== To do ==
In the data that follows, find the line with "3PCS Garden Hand"; transcribe it, every later line up to the one with "Skinny Built-In Flex", and that line as well, exactly and with no others.

Records drawn from a dataset:
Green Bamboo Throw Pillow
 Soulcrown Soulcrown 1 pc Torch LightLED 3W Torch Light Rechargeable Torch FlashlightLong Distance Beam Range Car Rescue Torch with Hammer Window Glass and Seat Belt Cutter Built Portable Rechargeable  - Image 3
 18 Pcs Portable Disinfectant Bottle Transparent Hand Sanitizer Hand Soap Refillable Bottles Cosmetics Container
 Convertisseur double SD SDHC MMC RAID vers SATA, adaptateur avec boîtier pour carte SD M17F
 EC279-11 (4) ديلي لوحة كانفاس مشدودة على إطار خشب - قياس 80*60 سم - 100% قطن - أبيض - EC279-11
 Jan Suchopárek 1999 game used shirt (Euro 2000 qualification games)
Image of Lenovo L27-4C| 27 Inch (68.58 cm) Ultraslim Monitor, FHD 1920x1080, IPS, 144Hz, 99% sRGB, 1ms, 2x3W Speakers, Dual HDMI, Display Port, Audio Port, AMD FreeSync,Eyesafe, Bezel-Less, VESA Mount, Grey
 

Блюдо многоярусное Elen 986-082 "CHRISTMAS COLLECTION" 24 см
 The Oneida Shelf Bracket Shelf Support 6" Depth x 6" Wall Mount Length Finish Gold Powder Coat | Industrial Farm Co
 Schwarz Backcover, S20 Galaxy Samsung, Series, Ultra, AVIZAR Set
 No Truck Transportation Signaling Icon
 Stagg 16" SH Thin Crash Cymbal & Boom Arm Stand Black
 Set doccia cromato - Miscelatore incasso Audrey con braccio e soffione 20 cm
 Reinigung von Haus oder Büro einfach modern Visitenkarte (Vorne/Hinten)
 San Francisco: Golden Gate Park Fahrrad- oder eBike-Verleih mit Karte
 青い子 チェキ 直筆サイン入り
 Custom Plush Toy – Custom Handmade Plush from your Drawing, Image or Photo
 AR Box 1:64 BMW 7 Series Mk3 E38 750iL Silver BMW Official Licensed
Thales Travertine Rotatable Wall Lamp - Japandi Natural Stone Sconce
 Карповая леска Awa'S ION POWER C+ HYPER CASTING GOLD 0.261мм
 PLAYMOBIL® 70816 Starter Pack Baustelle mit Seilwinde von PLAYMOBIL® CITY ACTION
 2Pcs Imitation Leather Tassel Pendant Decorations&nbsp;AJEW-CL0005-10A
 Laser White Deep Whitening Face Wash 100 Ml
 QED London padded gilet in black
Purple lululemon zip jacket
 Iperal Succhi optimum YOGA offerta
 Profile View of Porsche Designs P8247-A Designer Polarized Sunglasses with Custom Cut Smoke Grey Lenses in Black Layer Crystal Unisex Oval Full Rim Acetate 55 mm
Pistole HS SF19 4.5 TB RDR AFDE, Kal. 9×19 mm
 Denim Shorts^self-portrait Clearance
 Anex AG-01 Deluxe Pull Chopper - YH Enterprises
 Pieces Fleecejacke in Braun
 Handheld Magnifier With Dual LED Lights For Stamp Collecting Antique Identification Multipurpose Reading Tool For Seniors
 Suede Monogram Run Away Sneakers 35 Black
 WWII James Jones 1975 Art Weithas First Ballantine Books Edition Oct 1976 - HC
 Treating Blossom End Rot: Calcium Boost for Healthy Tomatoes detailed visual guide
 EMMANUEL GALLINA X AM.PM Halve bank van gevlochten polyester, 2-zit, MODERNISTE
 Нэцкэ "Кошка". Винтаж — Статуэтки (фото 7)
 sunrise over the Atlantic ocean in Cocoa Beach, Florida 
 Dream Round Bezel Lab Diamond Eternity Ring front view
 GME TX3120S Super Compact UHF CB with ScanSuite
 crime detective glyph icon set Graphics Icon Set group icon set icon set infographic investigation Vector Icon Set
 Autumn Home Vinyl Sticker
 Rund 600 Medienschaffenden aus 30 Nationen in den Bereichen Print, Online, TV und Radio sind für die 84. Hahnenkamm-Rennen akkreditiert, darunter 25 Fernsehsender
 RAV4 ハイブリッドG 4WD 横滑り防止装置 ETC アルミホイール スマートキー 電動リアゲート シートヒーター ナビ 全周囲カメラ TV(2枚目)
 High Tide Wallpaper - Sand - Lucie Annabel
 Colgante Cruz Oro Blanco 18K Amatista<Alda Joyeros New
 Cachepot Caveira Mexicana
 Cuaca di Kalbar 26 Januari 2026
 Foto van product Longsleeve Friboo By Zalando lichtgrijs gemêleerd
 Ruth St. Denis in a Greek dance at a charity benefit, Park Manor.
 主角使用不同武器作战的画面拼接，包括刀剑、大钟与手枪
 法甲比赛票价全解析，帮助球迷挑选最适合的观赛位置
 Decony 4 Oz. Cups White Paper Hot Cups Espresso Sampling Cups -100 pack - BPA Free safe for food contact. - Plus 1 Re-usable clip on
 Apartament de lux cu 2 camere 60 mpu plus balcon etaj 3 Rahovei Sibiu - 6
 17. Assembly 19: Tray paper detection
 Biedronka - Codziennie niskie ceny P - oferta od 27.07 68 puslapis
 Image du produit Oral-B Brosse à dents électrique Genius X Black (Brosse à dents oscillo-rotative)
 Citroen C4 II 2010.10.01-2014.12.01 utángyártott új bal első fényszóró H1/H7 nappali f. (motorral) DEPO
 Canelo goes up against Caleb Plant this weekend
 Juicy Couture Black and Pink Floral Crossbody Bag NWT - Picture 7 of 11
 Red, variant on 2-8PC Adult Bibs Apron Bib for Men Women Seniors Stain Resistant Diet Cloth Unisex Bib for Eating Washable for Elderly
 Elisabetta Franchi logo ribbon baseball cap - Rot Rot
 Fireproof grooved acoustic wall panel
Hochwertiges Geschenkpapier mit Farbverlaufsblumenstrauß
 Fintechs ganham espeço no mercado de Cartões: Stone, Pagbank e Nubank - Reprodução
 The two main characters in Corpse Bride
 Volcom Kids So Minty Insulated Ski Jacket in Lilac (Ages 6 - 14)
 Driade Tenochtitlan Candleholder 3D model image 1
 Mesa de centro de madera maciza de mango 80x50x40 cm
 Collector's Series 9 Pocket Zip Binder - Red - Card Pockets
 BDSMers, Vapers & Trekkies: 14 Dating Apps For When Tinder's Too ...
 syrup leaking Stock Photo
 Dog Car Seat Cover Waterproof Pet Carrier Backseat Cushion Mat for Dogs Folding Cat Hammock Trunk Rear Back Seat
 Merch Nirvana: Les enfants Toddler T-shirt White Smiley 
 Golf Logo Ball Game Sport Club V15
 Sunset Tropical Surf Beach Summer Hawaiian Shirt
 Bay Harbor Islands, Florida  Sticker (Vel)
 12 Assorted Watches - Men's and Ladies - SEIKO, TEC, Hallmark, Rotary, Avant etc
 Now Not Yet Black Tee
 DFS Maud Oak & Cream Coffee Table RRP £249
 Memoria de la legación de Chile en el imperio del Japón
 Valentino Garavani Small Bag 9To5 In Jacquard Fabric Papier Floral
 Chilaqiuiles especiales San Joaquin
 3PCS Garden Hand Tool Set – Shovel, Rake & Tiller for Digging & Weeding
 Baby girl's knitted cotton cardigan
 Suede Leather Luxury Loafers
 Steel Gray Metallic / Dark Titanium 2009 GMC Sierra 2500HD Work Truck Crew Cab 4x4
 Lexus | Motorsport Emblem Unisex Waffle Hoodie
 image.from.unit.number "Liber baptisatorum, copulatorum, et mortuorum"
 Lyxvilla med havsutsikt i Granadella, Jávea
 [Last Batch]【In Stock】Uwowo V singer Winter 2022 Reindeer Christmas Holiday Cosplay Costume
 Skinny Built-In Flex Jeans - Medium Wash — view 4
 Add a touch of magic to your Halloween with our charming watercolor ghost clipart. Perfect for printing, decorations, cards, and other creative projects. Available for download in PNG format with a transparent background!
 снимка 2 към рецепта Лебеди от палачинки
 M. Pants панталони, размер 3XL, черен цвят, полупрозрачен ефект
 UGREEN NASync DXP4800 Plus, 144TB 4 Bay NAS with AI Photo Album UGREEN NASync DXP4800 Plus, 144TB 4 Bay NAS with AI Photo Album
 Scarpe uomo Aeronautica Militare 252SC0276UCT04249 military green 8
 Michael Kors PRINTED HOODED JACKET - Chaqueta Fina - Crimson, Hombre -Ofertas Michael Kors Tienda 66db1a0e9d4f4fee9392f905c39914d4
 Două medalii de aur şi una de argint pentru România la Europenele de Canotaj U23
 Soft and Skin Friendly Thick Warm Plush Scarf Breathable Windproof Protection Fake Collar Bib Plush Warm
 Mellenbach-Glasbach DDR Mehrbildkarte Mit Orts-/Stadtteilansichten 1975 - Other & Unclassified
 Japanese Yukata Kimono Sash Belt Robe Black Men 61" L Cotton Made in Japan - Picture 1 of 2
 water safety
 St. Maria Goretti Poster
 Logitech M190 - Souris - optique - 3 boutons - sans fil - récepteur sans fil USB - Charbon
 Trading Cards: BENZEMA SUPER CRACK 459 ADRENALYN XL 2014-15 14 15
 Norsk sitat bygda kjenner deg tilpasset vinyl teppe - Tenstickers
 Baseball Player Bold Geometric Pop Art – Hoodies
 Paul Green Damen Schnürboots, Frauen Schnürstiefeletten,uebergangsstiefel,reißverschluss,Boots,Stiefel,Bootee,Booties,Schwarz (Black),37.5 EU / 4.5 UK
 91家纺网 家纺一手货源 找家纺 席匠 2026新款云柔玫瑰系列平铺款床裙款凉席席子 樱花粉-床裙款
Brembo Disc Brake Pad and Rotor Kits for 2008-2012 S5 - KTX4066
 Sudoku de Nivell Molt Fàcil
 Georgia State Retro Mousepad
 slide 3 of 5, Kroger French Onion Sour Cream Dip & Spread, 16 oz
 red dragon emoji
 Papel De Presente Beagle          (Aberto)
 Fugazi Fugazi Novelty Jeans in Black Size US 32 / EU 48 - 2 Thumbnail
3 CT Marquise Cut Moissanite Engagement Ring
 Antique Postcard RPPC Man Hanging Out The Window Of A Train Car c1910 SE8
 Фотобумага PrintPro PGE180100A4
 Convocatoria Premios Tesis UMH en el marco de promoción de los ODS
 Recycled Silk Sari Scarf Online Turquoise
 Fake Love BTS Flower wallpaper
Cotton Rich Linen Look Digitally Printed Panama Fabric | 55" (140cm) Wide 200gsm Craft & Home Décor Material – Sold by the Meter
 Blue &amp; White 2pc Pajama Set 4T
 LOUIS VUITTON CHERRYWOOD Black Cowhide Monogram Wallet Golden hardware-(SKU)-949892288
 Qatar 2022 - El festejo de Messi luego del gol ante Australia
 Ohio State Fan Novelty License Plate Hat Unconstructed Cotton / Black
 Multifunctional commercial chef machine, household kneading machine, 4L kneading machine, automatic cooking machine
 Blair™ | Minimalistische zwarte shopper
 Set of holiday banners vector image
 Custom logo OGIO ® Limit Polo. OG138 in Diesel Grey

== Answer section ==
 3PCS Garden Hand Tool Set – Shovel, Rake & Tiller for Digging & Weeding
 Baby girl's knitted cotton cardigan
 Suede Leather Luxury Loafers
 Steel Gray Metallic / Dark Titanium 2009 GMC Sierra 2500HD Work Truck Crew Cab 4x4
 Lexus | Motorsport Emblem Unisex Waffle Hoodie
 image.from.unit.number "Liber baptisatorum, copulatorum, et mortuorum"
 Lyxvilla med havsutsikt i Granadella, Jávea
 [Last Batch]【In Stock】Uwowo V singer Winter 2022 Reindeer Christmas Holiday Cosplay Costume
 Skinny Built-In Flex Jeans - Medium Wash — view 4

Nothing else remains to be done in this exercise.